Quantization means to regress the activation or weight to several discrete set of number. Generally, quantization implies to fix point data type. In the publications, some focus on quantization on the weights, some others focus on the quantization on activation and also focus on both. Image classification is the most usual application to verify the algorithm, other scenarios such as detection, tracking, segmentation and even super resolution also attract attentions. Here summarize one of the papers.
Other related papers could be found in model-compression-summary
Trained Ternary Quantization
paper link
Code
Comment by reviewer in the ICLR
Tsinghua University && Stanford University
Ternary assignment
means how to obtain quantization value from the FP32 weight
Ternary value
how to choose -1, 0, +1 dynamically during the training
Highlight
From the paper:
We highlight our trained quantization method that can learn both ternary values and ternary assignment.
- The paper only quantize the weight and keep the activation in full precision.
- The main differece from other ternary quantization is the quantization value has scale. To be more detail, it quantize value to [-Wll, 0, Wp], rather than [-1, 0, +1]. This increase certain degree of capbility.

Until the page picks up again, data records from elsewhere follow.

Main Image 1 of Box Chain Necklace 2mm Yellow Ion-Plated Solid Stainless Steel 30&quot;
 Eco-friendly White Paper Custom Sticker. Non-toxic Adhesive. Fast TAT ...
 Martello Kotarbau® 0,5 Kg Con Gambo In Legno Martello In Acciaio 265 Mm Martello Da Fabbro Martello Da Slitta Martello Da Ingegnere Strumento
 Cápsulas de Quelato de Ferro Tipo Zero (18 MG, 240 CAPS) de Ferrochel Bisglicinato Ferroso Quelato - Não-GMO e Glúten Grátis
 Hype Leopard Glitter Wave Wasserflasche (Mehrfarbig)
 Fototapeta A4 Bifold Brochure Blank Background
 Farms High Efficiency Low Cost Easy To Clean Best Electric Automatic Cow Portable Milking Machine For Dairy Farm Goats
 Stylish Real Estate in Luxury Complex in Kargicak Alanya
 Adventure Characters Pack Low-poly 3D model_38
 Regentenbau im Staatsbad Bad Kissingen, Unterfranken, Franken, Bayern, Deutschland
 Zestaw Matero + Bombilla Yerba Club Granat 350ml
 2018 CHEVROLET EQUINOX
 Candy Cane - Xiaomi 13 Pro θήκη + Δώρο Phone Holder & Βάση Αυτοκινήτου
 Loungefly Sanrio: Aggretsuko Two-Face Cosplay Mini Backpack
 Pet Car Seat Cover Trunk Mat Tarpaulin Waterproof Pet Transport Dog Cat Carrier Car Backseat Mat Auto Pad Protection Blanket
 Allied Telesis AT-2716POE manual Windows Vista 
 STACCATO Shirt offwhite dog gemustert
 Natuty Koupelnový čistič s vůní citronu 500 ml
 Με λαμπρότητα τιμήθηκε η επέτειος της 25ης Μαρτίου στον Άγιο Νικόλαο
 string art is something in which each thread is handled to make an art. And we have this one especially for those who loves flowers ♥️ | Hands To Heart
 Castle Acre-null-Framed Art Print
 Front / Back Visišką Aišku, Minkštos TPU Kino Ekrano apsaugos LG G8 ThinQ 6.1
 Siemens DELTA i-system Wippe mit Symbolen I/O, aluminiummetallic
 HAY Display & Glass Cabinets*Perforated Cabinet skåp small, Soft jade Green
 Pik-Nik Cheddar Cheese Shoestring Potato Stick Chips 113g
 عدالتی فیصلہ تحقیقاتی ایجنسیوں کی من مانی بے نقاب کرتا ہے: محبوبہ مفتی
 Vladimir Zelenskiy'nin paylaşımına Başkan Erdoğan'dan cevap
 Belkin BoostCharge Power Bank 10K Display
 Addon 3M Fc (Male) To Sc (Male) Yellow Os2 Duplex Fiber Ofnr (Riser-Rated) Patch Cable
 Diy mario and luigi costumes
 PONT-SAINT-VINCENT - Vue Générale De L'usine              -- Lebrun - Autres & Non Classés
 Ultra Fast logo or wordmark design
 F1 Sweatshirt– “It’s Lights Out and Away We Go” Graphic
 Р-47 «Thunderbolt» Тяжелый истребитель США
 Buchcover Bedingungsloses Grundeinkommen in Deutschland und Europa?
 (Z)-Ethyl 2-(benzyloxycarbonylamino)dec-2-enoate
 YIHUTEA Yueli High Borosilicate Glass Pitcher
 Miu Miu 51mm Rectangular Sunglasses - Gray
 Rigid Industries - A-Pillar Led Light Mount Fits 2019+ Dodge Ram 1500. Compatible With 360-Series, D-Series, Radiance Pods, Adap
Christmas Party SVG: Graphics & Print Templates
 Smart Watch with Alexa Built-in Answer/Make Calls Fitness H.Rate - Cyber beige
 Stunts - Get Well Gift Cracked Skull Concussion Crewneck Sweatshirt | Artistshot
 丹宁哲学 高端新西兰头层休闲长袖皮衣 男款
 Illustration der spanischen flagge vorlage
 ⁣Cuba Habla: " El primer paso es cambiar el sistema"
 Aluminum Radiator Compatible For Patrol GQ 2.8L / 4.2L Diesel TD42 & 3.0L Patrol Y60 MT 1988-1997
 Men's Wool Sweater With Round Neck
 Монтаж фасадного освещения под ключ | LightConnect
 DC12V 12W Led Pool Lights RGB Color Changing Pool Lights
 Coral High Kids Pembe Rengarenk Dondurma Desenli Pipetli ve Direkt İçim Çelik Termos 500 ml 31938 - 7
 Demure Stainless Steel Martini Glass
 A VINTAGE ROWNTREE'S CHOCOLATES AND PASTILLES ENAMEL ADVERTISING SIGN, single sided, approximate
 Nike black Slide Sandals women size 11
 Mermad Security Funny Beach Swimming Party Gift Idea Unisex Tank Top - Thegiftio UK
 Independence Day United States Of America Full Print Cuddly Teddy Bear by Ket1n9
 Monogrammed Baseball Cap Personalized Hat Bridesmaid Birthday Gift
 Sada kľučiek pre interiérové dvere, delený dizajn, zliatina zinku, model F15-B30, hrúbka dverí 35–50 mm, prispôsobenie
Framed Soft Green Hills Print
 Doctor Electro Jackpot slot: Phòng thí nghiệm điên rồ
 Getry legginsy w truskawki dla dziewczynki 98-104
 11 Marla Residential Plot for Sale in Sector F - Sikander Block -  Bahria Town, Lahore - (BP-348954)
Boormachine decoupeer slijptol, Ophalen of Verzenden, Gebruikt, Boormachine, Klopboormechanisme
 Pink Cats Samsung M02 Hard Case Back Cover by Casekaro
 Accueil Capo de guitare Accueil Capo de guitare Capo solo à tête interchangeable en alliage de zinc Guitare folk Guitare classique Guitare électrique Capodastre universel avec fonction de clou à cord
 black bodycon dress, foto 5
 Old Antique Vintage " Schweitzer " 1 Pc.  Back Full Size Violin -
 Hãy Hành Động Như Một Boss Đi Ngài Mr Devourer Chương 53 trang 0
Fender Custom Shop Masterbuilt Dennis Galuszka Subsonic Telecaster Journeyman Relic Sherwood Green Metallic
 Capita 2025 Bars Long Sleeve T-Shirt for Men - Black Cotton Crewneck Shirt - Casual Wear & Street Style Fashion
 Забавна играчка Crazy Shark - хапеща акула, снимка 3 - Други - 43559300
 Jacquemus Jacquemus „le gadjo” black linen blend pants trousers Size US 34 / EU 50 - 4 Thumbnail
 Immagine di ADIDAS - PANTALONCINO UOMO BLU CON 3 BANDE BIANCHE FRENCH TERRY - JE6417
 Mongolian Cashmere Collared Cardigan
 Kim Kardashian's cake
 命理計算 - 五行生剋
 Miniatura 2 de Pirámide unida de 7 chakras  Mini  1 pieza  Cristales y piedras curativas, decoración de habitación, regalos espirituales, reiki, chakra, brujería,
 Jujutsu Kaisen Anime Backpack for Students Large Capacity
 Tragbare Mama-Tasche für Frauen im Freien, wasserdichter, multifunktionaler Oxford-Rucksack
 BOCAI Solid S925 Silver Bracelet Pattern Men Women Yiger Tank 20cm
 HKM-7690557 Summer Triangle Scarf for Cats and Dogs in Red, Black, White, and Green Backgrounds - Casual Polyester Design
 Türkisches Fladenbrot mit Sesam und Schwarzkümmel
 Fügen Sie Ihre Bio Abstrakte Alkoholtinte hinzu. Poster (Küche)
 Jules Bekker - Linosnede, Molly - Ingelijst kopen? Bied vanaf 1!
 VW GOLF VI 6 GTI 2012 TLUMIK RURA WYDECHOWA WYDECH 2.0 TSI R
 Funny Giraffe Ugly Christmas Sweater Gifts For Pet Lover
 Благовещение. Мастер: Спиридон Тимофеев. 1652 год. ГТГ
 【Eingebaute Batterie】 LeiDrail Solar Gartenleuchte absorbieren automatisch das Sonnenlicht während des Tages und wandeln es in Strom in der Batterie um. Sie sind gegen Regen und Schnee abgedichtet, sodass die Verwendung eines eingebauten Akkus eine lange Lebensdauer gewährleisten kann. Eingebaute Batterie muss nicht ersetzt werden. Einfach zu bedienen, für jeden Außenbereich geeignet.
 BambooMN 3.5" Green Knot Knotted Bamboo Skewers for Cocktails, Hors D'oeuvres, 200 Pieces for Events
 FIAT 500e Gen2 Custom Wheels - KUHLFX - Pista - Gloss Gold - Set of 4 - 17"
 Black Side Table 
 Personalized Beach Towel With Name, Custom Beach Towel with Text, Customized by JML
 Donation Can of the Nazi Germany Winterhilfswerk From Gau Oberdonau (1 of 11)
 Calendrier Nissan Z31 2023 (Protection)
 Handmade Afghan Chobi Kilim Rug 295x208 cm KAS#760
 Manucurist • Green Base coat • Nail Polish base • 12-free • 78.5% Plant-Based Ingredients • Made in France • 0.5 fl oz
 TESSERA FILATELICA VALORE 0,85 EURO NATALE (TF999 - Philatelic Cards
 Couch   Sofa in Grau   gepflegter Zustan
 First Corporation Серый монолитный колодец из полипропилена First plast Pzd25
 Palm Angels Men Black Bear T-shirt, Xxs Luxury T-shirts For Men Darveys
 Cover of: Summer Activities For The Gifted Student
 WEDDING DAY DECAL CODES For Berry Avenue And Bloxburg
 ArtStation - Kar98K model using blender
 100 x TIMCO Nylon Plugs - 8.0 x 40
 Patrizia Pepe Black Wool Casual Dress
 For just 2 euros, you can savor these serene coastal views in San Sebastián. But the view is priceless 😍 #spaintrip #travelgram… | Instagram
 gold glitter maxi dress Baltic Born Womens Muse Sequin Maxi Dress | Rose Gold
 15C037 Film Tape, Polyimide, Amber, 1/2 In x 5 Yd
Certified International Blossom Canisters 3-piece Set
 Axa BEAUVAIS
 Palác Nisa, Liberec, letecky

- symmetric quantization assignment and asymmetric quantization value
Method
Overall flow is shown in following figure.
- First scale the weight into [-1, 1]. (this maybe squeeze many small value to zero if the max value of the weight is big)
-
quantization assign hyperparameter (delta).
-
The paper has two strategies. One is multiple a scale on the max absolute value of the weight, the other is keep the sparsity of the all layer to be a constant during training. They choose the former one in CIFAR dataset and the later one in the Imagenet dataset.
- Wp, Wl is trainable parameter, updated by gradient during training.
Experiment
The following figure shows the Wp and Wl change during the training.
It seems that the Wl and Wp is very close to each other. Thus the paper is no value? Their conclusion may be wrong.
Why they put this figure in the paper, it is no sense with the topic.